Opinion
Docket No. 6, Calendar No. 41,694.
Decided May 17, 1944.
Appeal from Wayne; Taylor (Mark D.), J., presiding. Submitted April 4, 1944. (Docket No. 6, Calendar No. 41,694.) Decided May 17, 1944.
In the matter of the estate of Rose Aronovsky, also known as Rose Aronofsky, Aronowsky or Minkovsky, deceased. B.C. Schram, receiver of First National Bank-Detroit presented his claim based on deficiency decree. Claim allowed. Jules Goldsmith, administrator, appealed to circuit court. Claim allowed. The administrator appeals. Affirmed.
Robert S. Marx, Carl Runge, Lawrence I. Levi and Orville J. Thill, for plaintiff.
O'Hara, Montgomery Amberson and Irving W. Goldsmith, for defendant administrator.
Plaintiff, as receiver of the First National Bank-Detroit, secured a deficiency decree of $3,652.14 against Rose Aronofsky in the United States court for the eastern district of Michigan and subsequently filed a claim based thereon against her estate in the probate court for Wayne county. The claim was duly allowed. In the claim filed, the estate is described as that of Rose Aronofsky, alias Rose Aronovsky, Aronowsky, or Minkovsky, deceased. The deficiency judgment had been rendered against Rose Aronofsky. In the petition to appeal to the circuit court signed by Dr. Goldsmith, the administrator, and also in the affidavit of his attorney, the estate is also described as that of Rose Aronovsky, also known as Rose Aronofsky, Rose Aronowsky or Minkovsky.
A judgment for the full amount of the claim was entered in accordance with the verdict of the jury in the circuit court. The administrator, as the appellant in this court, claims the receiver did not prove by sufficient evidence that the judgment debtor in the Federal court was the same as the person who subsequently died and against whose estate the claim was allowed. Rose Aronofsky became liable for a mortgage debt when, upon becoming grantee of property described as 8762-8764 Cameron avenue, Detroit, Michigan, she assumed a mortgage against the property. Upon opening a savings account at a nearby bank a few months after she bought the property, she gave her residence as 8762 Cameron avenue, and because of her inability to write, she impressed her finger prints on the signature card. A number of years later, she opened an account at a different bank under the name of Rose Minkowski and gave her address as 8780 Cameron avenue. Again she impressed her finger prints on the deposit card. It was shown that the finger prints on the two cards were identical; in fact, the proceeds of the Minkowski bank account were inventoried and received by the administrator as part of the assets of the estate of Rose Aronofsky. It was further shown that she moved from 8762 to 8780 Cameron avenue in 1935, or thereabouts, after the bank had taken over the property shortly after the foreclosure of the mortgage. It was shown further that the estate of Rose Aronofsky received the proceeds of a policy in the Metropolitan Life Insurance Company which had been issued to her in that name and which gave her address as 8775 Cardoni but in the request for reinstatement she gave her address as 8762 Cameron. The records of the Metropolitan Life Insurance Company show that she had lived at 8762 Cameron.
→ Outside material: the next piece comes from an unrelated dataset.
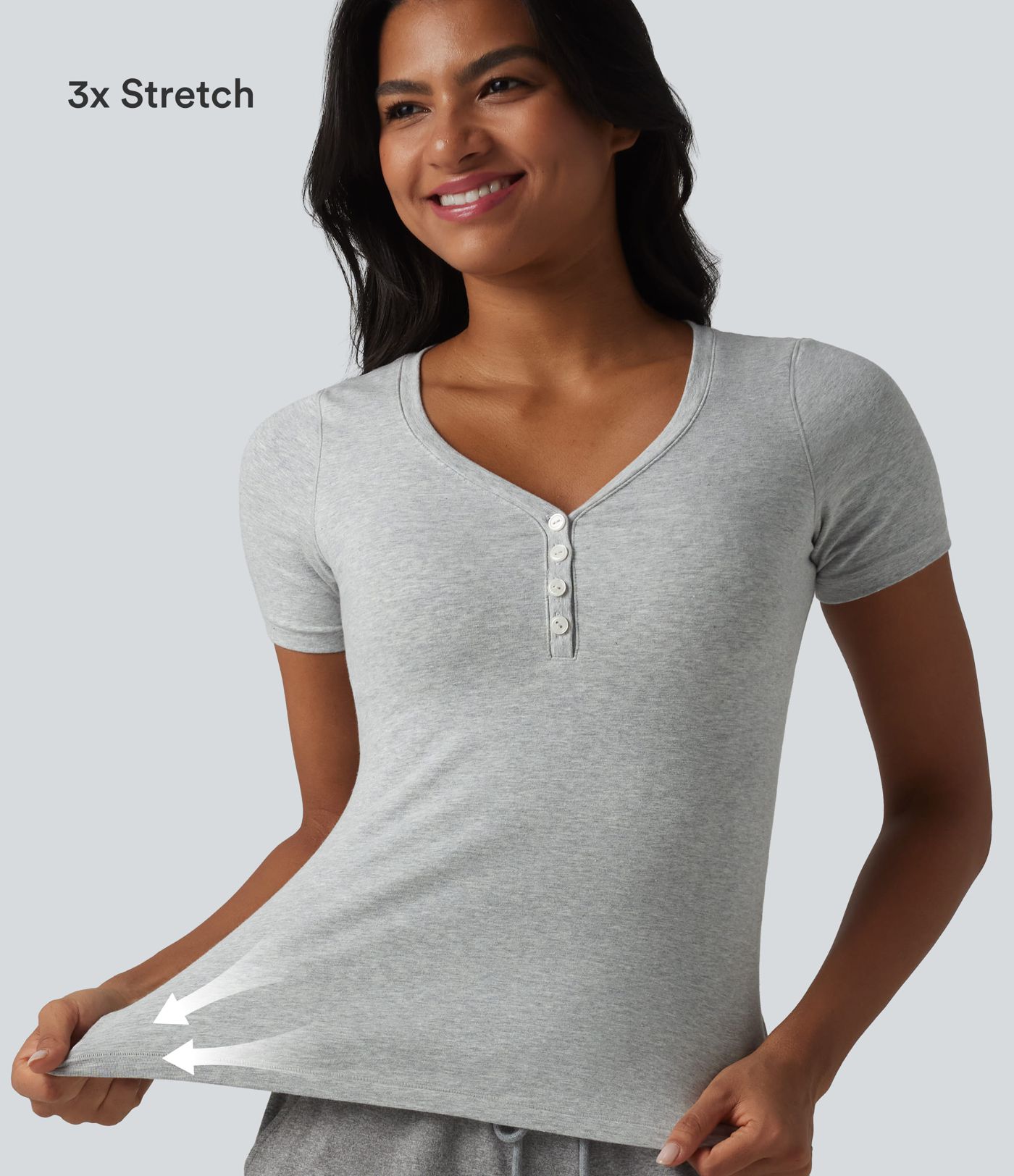 Halara Cotton Jersey V-neck Short Sleeve Built-in Bra Casual T-Shirt B-DD Cups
While the appellant at the trial sought to draw certain inferences from the business dealings between the receiver and decedent, both before and after the rendition of the deficiency decree, he does not attach any importance to such inferences in his brief. We shall not further review the testimony. It is so overwhelmingly in favor of the plaintiff that if the jury had rendered a verdict for defendant, we unhesitatingly would have set it aside as against the great weight of the evidence. The testimony preponderates in favor of plaintiff, not against him.
The sole other claim of error is the fact that the commissioner on claims of the probate court, when called by defendant in order to produce the original claim as filed, was asked on cross-examination by the attorney for plaintiff whether he allowed the claim. The trial in the circuit court is de novo and the judge should have sustained the objection which was timely made by defendant. As we stated in Re Turner's Estate, 217 Mich. 359:
"Upon such appeal the case was tried de novo, and the issue, and the only issue, was the liability of the estate. What the award of the commissioners was and upon what they based their award were not questions to be disposed of on this general appeal from their allowance."
However, the error complained of was harmless in view of the fact that the other evidence properly introduced was so overwhelmingly in favor of plaintiff that there could be no question about defendant's liability. Defendant practically offered no testimony contradicting that of plaintiff. Under the circumstances, the error complained of was harmless and did not result in a miscarriage of justice. Miskiewicz v. Smolenski, 249 Mich. 63; Cook v. Vineyard, 291 Mich. 375.
Judgment affirmed, with costs to plaintiff.
NORTH, C.J., and STARR, WIEST, BUSHNELL, SHARPE, BOYLES, and REID, JJ., concurred.